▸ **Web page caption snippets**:

┌──

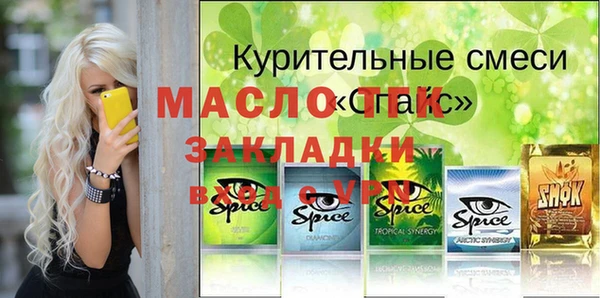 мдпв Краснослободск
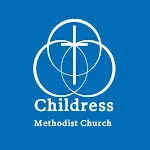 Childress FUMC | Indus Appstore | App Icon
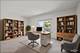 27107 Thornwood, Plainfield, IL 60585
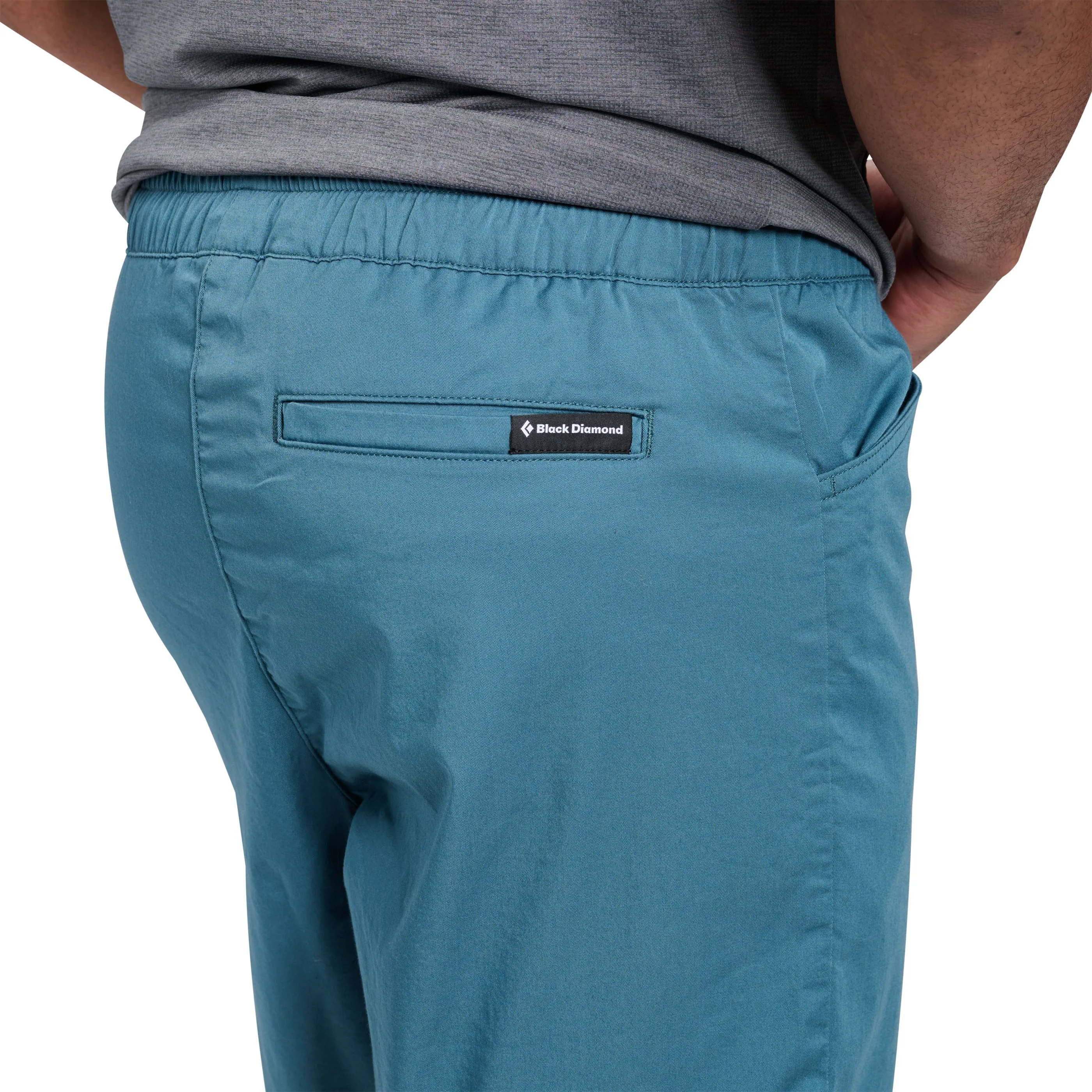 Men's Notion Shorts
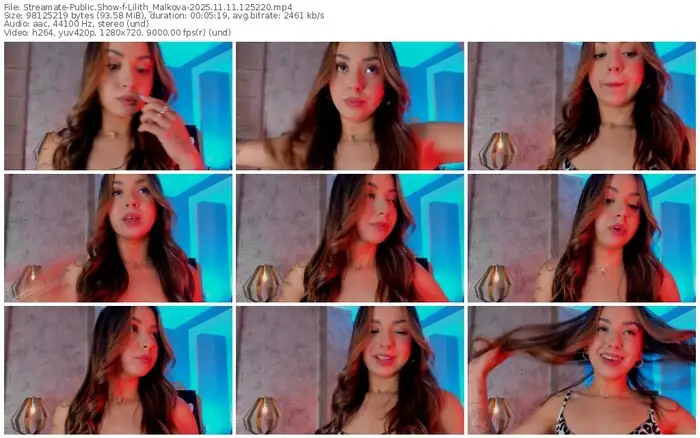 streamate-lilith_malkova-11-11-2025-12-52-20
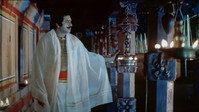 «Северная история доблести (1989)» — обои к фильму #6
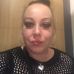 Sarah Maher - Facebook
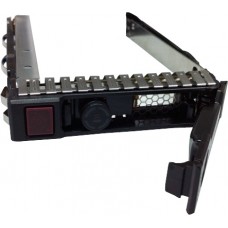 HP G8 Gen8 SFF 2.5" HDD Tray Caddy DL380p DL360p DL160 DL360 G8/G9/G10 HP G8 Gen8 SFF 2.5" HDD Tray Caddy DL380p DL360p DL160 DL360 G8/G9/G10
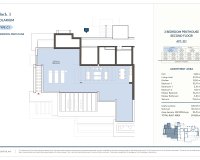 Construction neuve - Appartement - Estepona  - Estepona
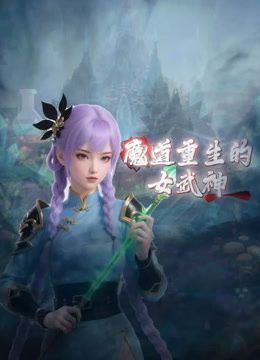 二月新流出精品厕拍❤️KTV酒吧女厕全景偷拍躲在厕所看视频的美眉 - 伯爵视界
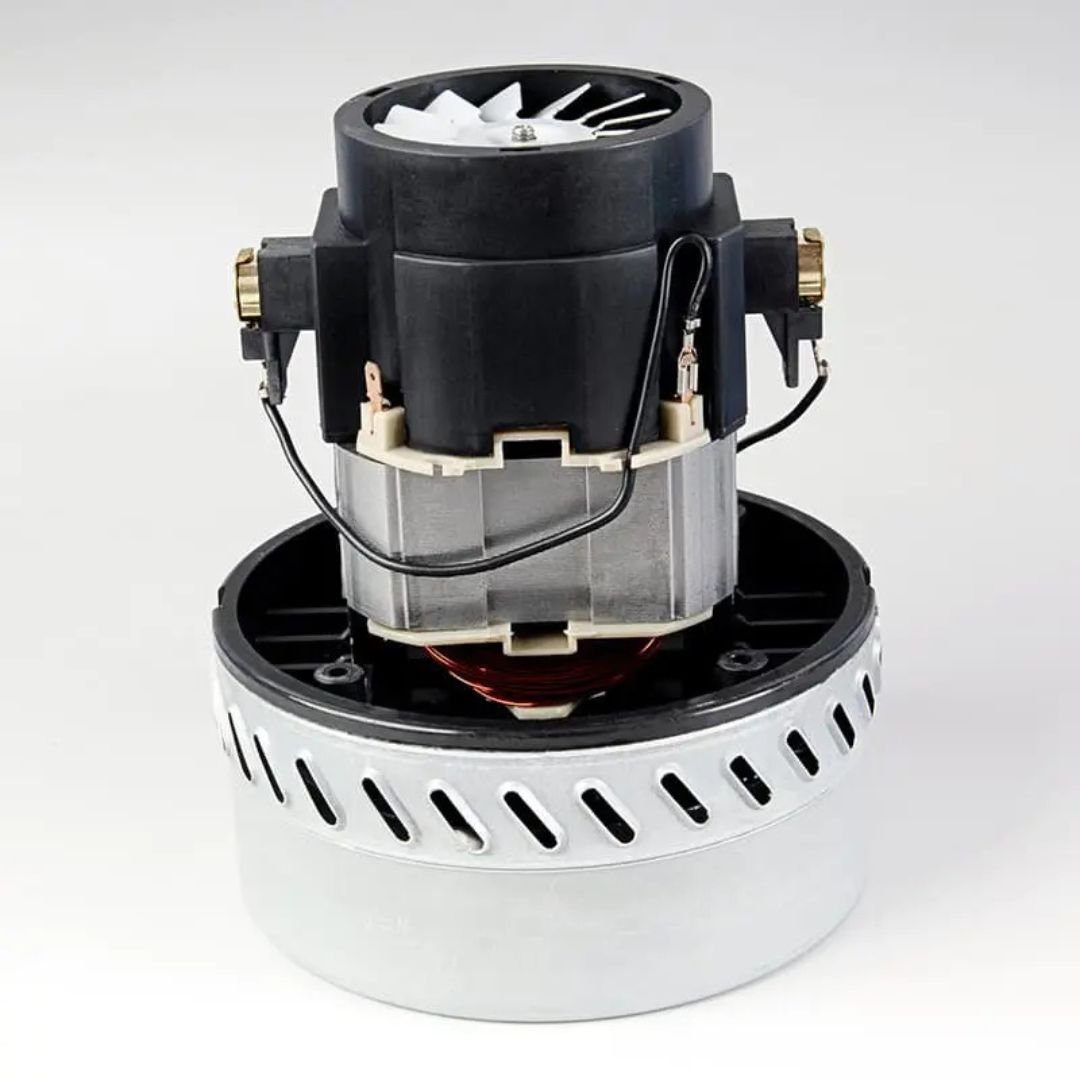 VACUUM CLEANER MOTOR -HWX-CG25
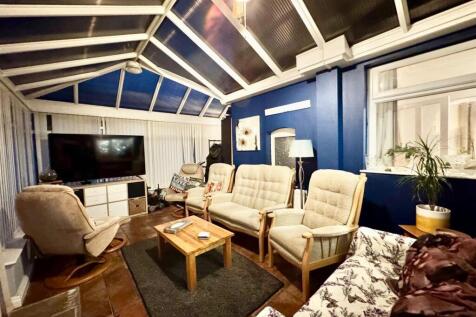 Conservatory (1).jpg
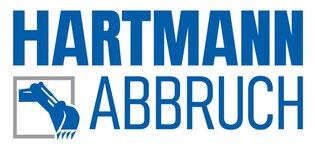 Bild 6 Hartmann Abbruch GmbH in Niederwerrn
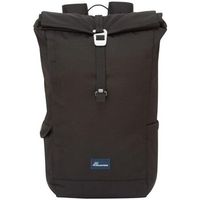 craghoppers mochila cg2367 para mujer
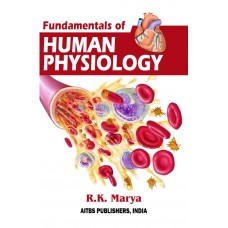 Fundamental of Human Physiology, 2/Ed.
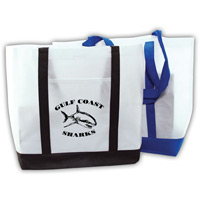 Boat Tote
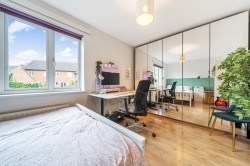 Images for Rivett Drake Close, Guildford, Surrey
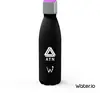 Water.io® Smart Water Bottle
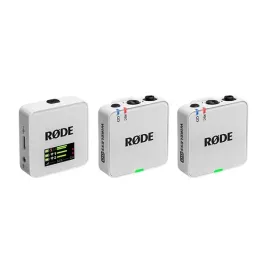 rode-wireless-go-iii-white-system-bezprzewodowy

└──

▸ **WHAT TO WORK ON**:
Look above for the line with "Men's Notion Shorts" and the line with "二月新流出精品厕拍❤️KTV酒吧女厕全景偷拍躲在厕所看视频的美眉 - 伯爵视界", then copy them and all lines in between exactly as written, and only those, without any pictures.

▸ **TASK ANSWER**:
 Men's Notion Shorts
 streamate-lilith_malkova-11-11-2025-12-52-20
 «Северная история доблести (1989)» — обои к фильму #6
 Sarah Maher - Facebook
 HP G8 Gen8 SFF 2.5" HDD Tray Caddy DL380p DL360p DL160 DL360 G8/G9/G10 HP G8 Gen8 SFF 2.5" HDD Tray Caddy DL380p DL360p DL160 DL360 G8/G9/G10
 Construction neuve - Appartement - Estepona  - Estepona
 二月新流出精品厕拍❤️KTV酒吧女厕全景偷拍躲在厕所看视频的美眉 - 伯爵视界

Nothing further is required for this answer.